[Problem]:
When you set down the entries, keep every word exactly as it is but drop the pictures.

[Data to process]:
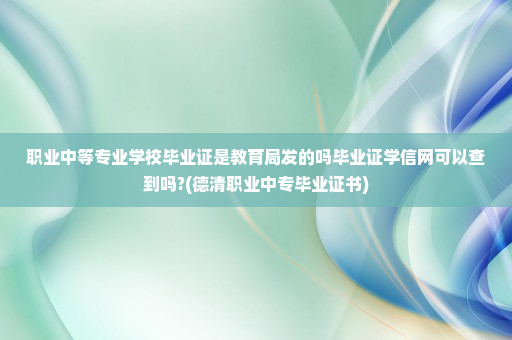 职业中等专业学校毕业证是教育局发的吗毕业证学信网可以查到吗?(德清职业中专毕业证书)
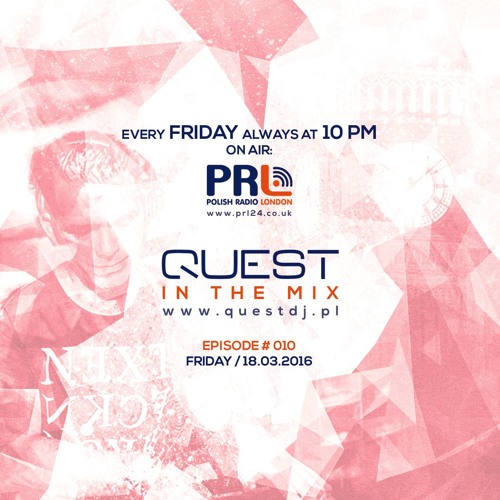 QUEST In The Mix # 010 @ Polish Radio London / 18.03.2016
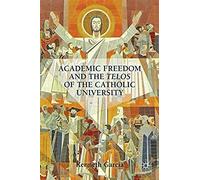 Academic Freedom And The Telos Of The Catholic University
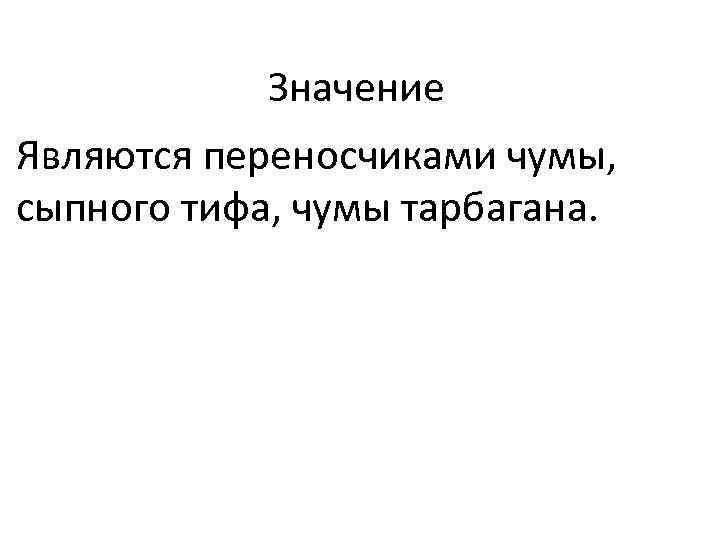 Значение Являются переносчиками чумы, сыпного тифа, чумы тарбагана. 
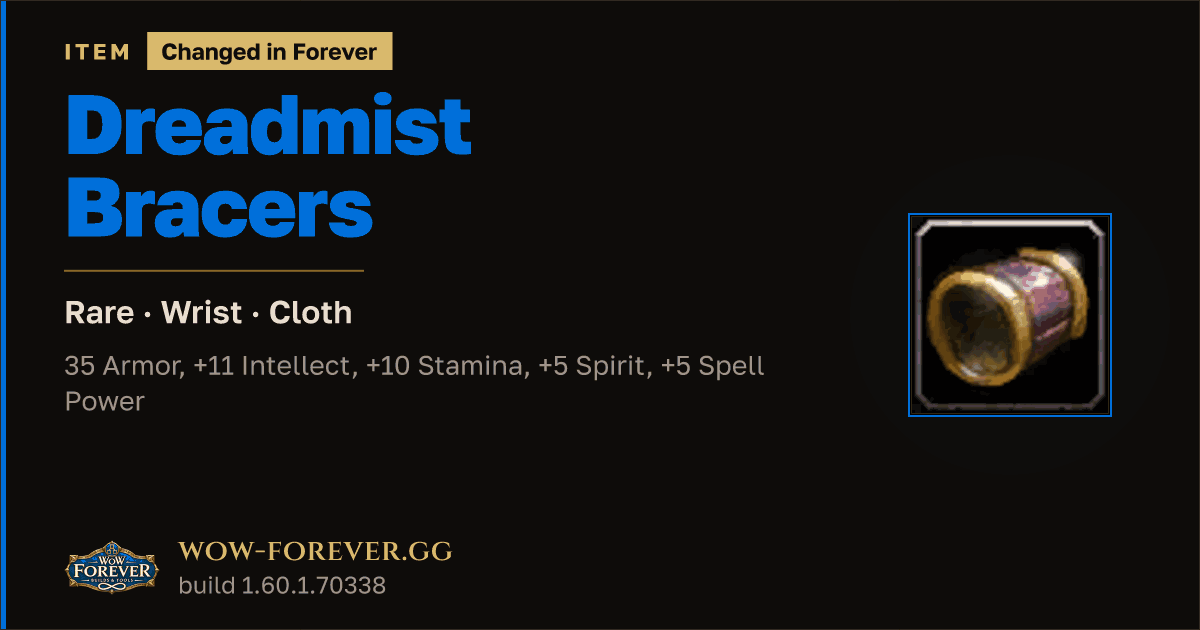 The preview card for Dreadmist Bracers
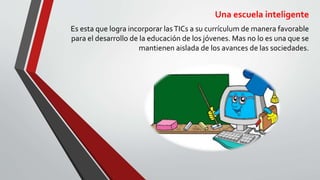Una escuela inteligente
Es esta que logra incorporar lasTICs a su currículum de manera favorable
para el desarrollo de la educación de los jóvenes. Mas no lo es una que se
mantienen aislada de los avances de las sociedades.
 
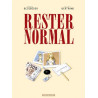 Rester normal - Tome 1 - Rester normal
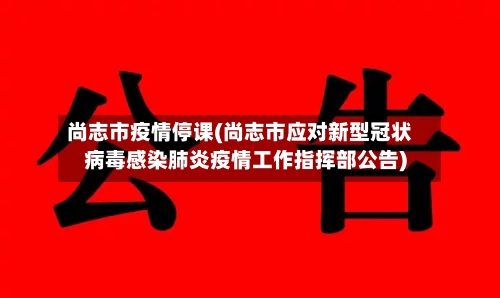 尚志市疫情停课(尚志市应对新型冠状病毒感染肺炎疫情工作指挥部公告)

[Answer below]:
 职业中等专业学校毕业证是教育局发的吗毕业证学信网可以查到吗?(德清职业中专毕业证书)
 QUEST In The Mix # 010 @ Polish Radio London / 18.03.2016
 Academic Freedom And The Telos Of The Catholic University
 Значение Являются переносчиками чумы, сыпного тифа, чумы тарбагана. 
 The preview card for Dreadmist Bracers
Una escuela inteligente
Es esta que logra incorporar lasTICs a su currículum de manera favorable
para el desarrollo de la educación de los jóvenes. Mas no lo es una que se
mantienen aislada de los avances de las sociedades.
 
 Rester normal - Tome 1 - Rester normal
 尚志市疫情停课(尚志市应对新型冠状病毒感染肺炎疫情工作指挥部公告)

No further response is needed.